Return all of the data verbatim, dropping any picture.

#### [Dataset extract]
- Opening Delimiter -

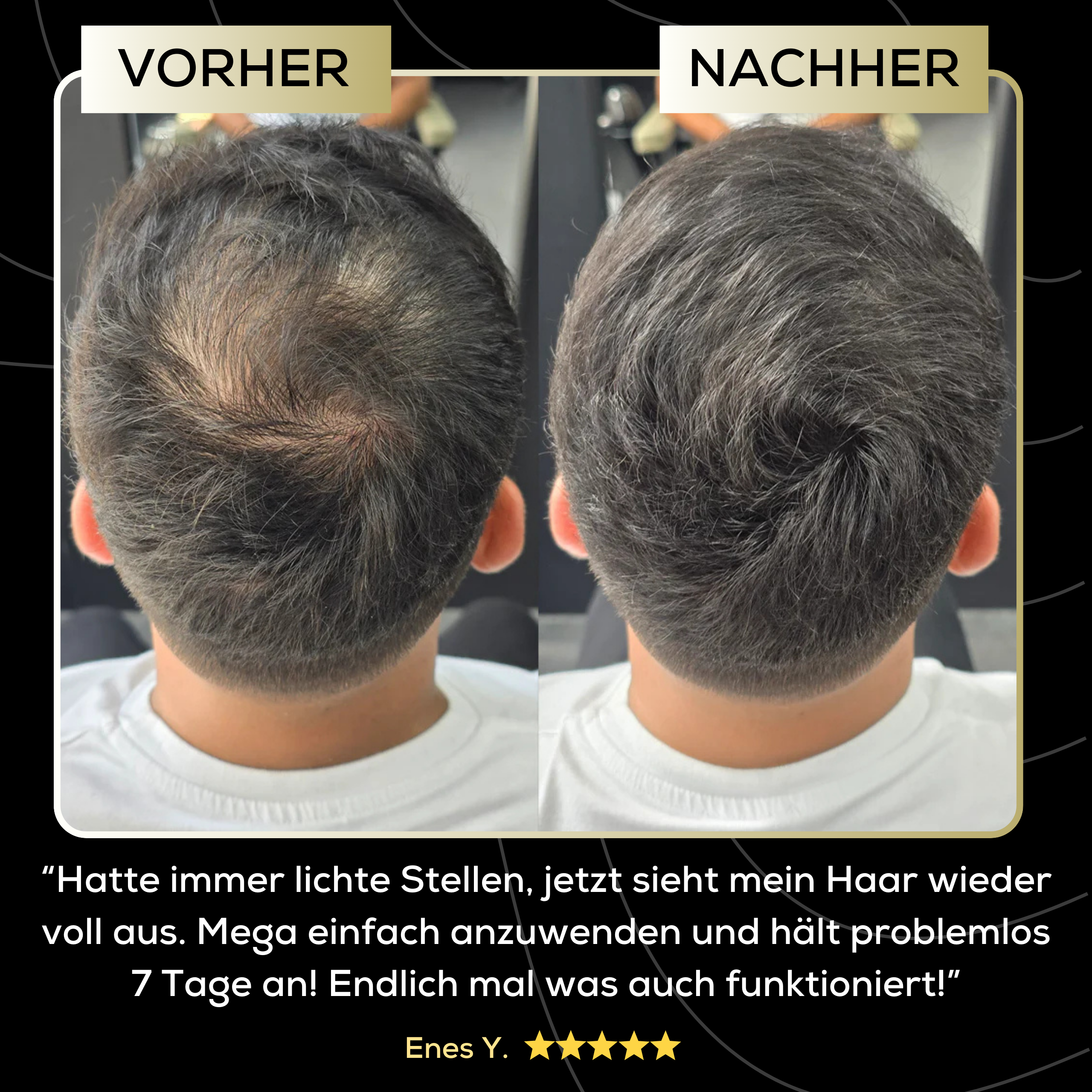 Magiccolour™ - Kaschiert Haarausfall unauffällig & natürlich für 7 Tage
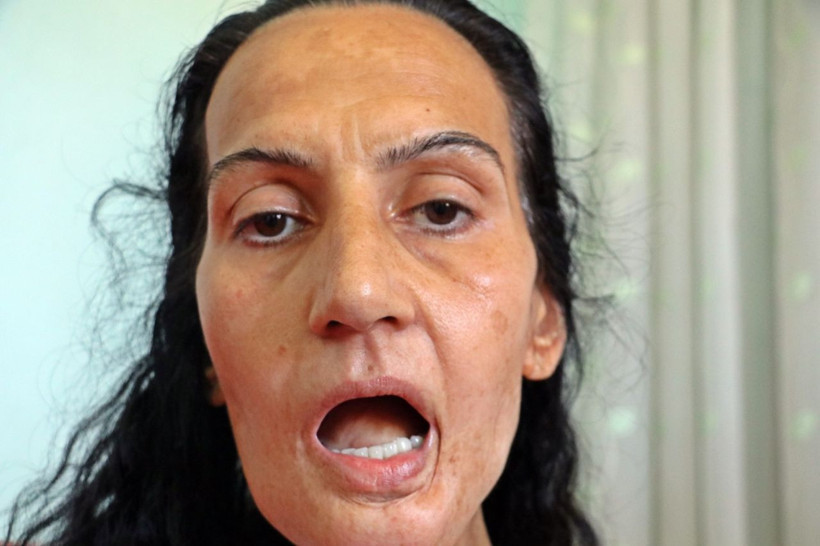 Dil kanserine yakalandı, bacağından parça alıp yeni dil yapıldı - Resim: 1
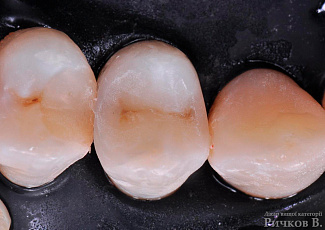 Клінічний випадок застосування G-aenial Posterior та everX Posterior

- Closing Delimiter -

#### [Your solution]
 Magiccolour™ - Kaschiert Haarausfall unauffällig & natürlich für 7 Tage
 Dil kanserine yakalandı, bacağından parça alıp yeni dil yapıldı - Resim: 1
 Клінічний випадок застосування G-aenial Posterior та everX Posterior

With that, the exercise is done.